O velho sorriu, trocista.

- Não tens estado a escutar-me, senadora?

- Não estou a compreender...

- O grande poder de Hkion... está na Força. Estamos num santuário da Força, um lugar de suma importância para o folclore dos Jedi, dos Sith, dos sacerdotes cinzentos, de todos os que lidam com esta energia mística que tudo liga no Universo. É um lugar muito mais importante que Moraband, que Jedha... Que Ahch-To, a ilha longínqua onde se ergue arruinado o primeiro Templo Jedi. Os reis sempre quiseram dominar a Força, os loucos, os ambiciosos! Esse é o poder que perseguem incansavelmente. Querem os clones para uma guerra particular.

Luke susteve a respiração. A sua pele formigava com as vagas destoantes que o envolviam. A Força era forte, mas havia mais qualquer coisa nos intervalos vazios que o confundia e lhe macerava a atenção.

- Contra quem? – perguntou Leia.

- Contra os fantasmas da névoa.

Lando resumiu todo numa frase:

- Estás a dizer-nos que o exército de clones está a ser criado para lutar contra os fantasmas da névoa?

- Sim, general.

A cara de Han Solo tinha uma expressão cómica de incredulidade.

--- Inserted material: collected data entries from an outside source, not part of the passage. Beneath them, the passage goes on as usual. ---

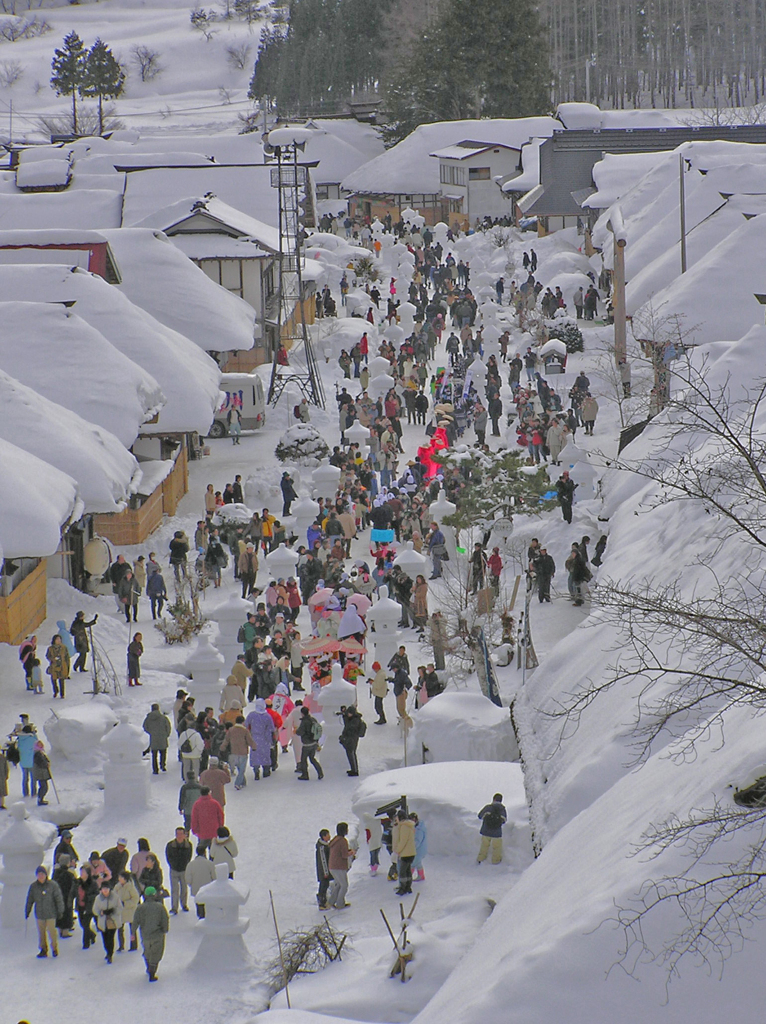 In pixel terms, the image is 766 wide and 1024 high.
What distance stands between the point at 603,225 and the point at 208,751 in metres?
31.8

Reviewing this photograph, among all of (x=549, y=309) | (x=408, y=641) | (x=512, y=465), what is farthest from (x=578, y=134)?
(x=408, y=641)

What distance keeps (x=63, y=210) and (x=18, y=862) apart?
110 feet

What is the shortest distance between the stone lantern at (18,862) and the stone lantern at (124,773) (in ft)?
6.40

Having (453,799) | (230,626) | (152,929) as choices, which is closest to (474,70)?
(230,626)

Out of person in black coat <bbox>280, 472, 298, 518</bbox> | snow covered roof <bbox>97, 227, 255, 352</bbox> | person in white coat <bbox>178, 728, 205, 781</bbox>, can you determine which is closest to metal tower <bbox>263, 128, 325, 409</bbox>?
snow covered roof <bbox>97, 227, 255, 352</bbox>

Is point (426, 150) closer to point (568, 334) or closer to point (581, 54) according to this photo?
point (568, 334)

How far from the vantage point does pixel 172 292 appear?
115 ft

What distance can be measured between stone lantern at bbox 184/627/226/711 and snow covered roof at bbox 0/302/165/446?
785 cm

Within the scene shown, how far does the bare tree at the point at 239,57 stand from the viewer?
14912 cm

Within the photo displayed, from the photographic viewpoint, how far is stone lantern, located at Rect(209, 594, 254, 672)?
66.3ft

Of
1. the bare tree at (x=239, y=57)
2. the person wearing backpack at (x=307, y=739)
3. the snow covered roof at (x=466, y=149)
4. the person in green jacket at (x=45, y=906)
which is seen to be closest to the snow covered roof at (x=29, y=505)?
the person wearing backpack at (x=307, y=739)

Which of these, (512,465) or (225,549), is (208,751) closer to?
(225,549)

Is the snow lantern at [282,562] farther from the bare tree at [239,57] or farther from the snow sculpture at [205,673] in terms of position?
the bare tree at [239,57]

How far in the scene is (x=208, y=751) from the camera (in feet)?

- São homens? Os clones? Ou são cópias das criaturas que exploravam as minas? Os Otrok?

O velho levantou-se tão de repente que todos se puseram de pé com ele, acionados por aquele comando não verbalizado que exigia que o imitassem.

- São homens. – Baixou a cabeça e murmurou: – Agora sabem que o problema dos escravos na mina é, na realidade, um problema de clones que são uma arma que pode ser utilizada por um dos príncipes herdeiros. Agora sabem que são dois exércitos que a Nova República precisa de desmantelar. Agora sabem o que vos contei. Têm o anel, conseguirão encontrar-me... E regresso ao meu exílio.

Sem nunca levantar a fronte, o velho abandonou o abrigo.